W mieście powstanie kolejna Jadłodzielnia
W mieście działają już dwie jadłodzielnie - przy ul. Moniuszki i przy ul. Porzeczkowej. Teraz powstanie trzecia - na Osiedlu Pomorskim, w pobliżu Zespołu Edukacyjnego nr 3. Skąd pomysł na stworzenie miejsca, gdzie każdy może zostawić żywność, ale też wziąć to, co zostawili inni?
- Po raz pierwszy spotkałam się z tym w Niemczech. Pomyślałam, że warto przenieść ideę na polski grunt - zaznacza A. Duciewicz-Kaczmarek, która razem z innymi wolontariuszami Foodsharing Polska działała na rzecz stworzenia miejsca w Zielonej Górze. - W tej inicjatywie chodzi o to, by nie marnować jedzenia i dzielić się nadwyżkami z innymi. Z darmowego jedzenia może skorzystać każdy, kto tego potrzebuje. Jest to też działanie ekologiczne, bo zmniejsza się ilość generowanych odpadów.
Zielonogórzanie przyzwyczaili się już do jadłodzielni. - Mamy sygnały, że mieszkańcy często w ten sposób przekazują sobie jedzenie. Dlatego pomyśleliśmy o kolejnej lokalizacji. My ze swojej strony staramy się utrzymać miejsca w czystości - wyjaśnia A. Duciewicz-Kaczmarek. I dodaje, że inicjatywa nie byłaby możliwa, gdyby nie wsparcie. - Jesteśmy organizacją non-profit, opieramy się na pracy wolontariackiej. Bardzo dziękuję wszystkim, którzy przekazali dary na jadłodzielnię. Dziękuję też miastu, bo to ono opłaca prąd w punkcie przy ul. Moniuszki. Z kolei przy ul. Porzeczkowej robią to prywatni właściciele działki, gdzie znajduje się nasza instalacja - tłumaczy.
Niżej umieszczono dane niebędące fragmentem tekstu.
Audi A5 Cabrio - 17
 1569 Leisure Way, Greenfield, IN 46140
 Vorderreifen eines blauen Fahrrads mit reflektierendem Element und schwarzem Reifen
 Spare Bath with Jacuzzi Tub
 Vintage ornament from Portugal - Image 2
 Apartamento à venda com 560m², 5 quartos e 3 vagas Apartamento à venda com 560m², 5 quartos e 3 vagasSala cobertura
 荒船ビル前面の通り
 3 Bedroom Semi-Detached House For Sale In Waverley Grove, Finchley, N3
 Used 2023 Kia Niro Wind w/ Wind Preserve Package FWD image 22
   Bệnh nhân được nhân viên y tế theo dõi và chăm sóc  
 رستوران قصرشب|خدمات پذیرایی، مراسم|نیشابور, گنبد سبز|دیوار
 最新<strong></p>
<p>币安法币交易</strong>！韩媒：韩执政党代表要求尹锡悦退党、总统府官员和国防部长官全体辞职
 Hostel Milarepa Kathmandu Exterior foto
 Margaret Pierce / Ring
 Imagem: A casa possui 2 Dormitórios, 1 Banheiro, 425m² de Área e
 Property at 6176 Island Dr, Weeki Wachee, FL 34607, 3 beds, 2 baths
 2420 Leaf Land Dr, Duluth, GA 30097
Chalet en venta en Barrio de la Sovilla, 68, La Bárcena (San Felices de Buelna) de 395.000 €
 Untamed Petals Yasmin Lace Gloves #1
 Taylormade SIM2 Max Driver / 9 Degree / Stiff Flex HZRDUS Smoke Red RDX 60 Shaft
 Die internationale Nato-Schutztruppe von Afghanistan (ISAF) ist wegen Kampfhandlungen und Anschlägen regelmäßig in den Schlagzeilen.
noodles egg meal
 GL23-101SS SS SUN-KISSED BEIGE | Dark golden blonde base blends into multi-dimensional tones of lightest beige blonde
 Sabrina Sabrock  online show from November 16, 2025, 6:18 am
W budowę nowej jadłodzielni na Osiedlu Pomorskim włączył się radny Zbigniew Kuchta (Zielona Razem). - Wspólnie z przyjaciółmi wykonaliśmy już wylewkę oraz przyłącze. Pomagam, bo to pożyteczna i szczytna inicjatywa - wyjaśnia Z. Kuchta. - Mam nadzieję, że miejsce wkrótce będzie służyć wszystkim potrzebującym.